I just thought about your 11-5 situation in a 21 point match. If I'm the guy who's trailing and think about doubling how much equity would I need before doubling.

By not doubling I can win 3.2% ME or lose 3.9% ME.
If I double I can win 4.6% ME or lose 11.3% ME.

So setting 3.2 * P - 3.9 * (1-P) = 4.6 * P - 11.3 * (1-P) and solving yields P = 84%.

Is my reasoning here correct? If yes, this means I would only get to double in races with a mega pip lead. In other positions than races I might be in a position where I play on to win a gammon?

I'm curious why you would find this intuitive. The opposite is usually correct and I must admit I find that intuitive as well. If you're trailing then you're happy to play for more points, because you already need a bit of luck to turn the match around. On the other hand the leading player should pass earlier and try to protect his lead especially if the position is gammonish.

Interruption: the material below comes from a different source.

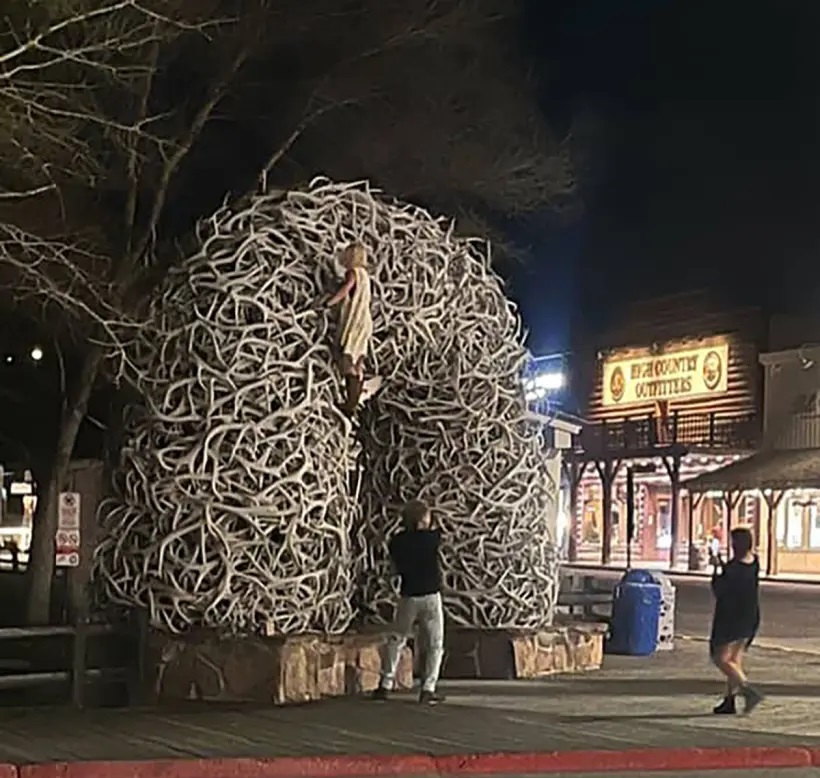 Một người phụ nữ mặc váy đang leo vòm gạc nai cũng bị phát hiện.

So if you're trailing (a lot) in a match it can actually be correct to double in an almost even position if you have gammon chances if things go well.

I think you can compare it to being behind in a HU poker match. If you're opponent has you outchipped 3:1, would you tighten up or would you start pushing more marginal hands?

I can't really figure out how to use the OP's formula. The simplest way to calculate it imo, is: loss from doubling/(loss from doubling+gain from doubling)

(this is probably exactly what OP's formula does, I just feel this is easier to work with).

In your example you gain 3,4% by doubling if you win (from 29,7% to 33,1%, and you lose 3,8% by doubling if you lose (from 22,6% to 18,8%) so your doubling window would open at 3,8/(3,4+3,8)=52,8%.

So your doubling window actually opens a bit higher than 50% at this specific matchscore, but not by much. This is not that uncommon on an initial double, but on redoubles (or in very gammonish positions) it can often shift dramatically at lopsided scores.

Still keep in mind, that you shouldn't double just because you're in the doubling window. You should still factor in your opponents takepoint and the chance of losing your market on the next roll.

yes you are quite right about all this - I just wanted to show how it is derived in case anyone was interested. They exactly the same.

My line of thinking was that the opponent could take more loosely if he's in the lead, plus I was bit misled by my rubbish calculation.

But now if I come to think of it, this is the wrong direction. In a post crawford game the leader drops if he is below 50%, because he's 50% to win the next one and the match.

But to be honest I don't have much of a clue because I hardly play any matches at all. I'm more into money games and really didn't know for sure.

I'm also a bit confused about OP's footnote 3) that states that the leading player should double lighter as well. So both are inclined to raise the stakes early.

Like in the HU analogy: "I just put him all-in to get over with it"?